_WHAT TO DO:_ Begin at the line holding "Открытие нового офиса" and set down exactly each line through the last one below, omitting pictures. Include nothing else.

_DATASET EXCERPT:_
————————

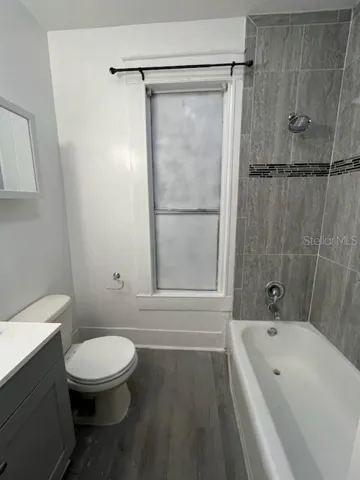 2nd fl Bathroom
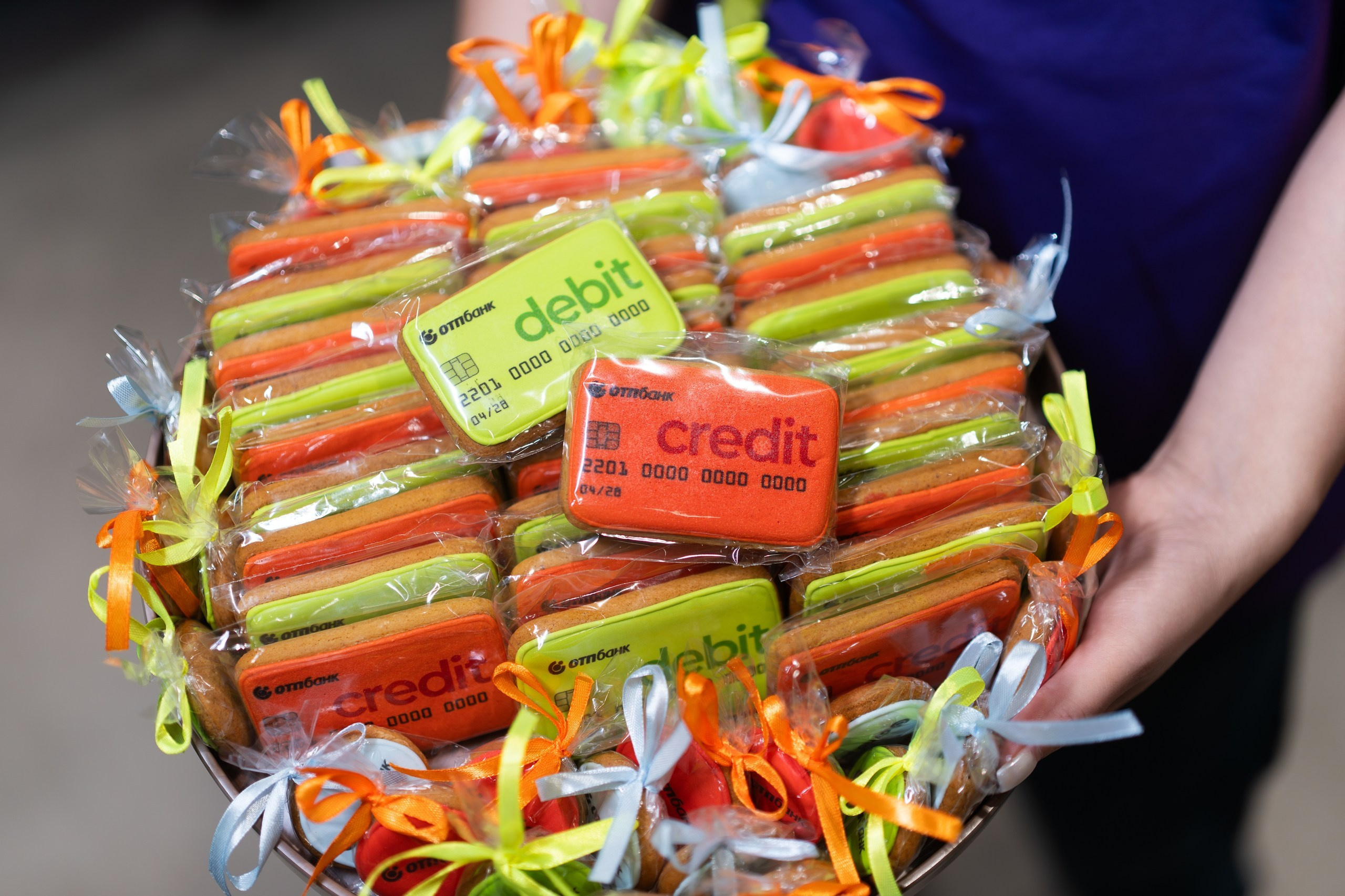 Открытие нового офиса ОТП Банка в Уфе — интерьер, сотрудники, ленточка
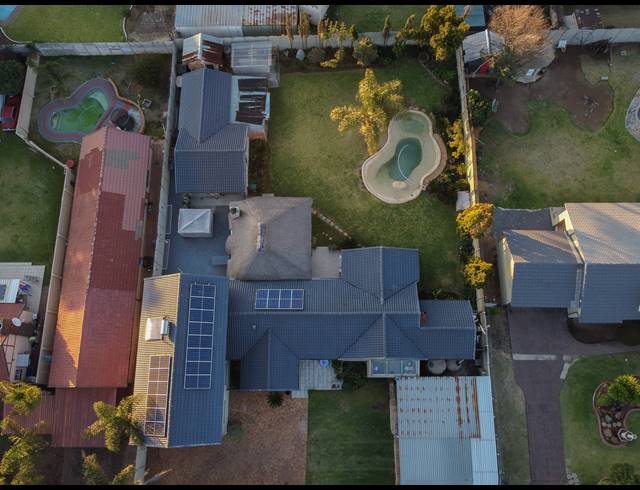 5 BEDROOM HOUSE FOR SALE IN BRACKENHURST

————————

_SOLUTION TO THIS EXERCISE:_
 Открытие нового офиса ОТП Банка в Уфе — интерьер, сотрудники, ленточка
 5 BEDROOM HOUSE FOR SALE IN BRACKENHURST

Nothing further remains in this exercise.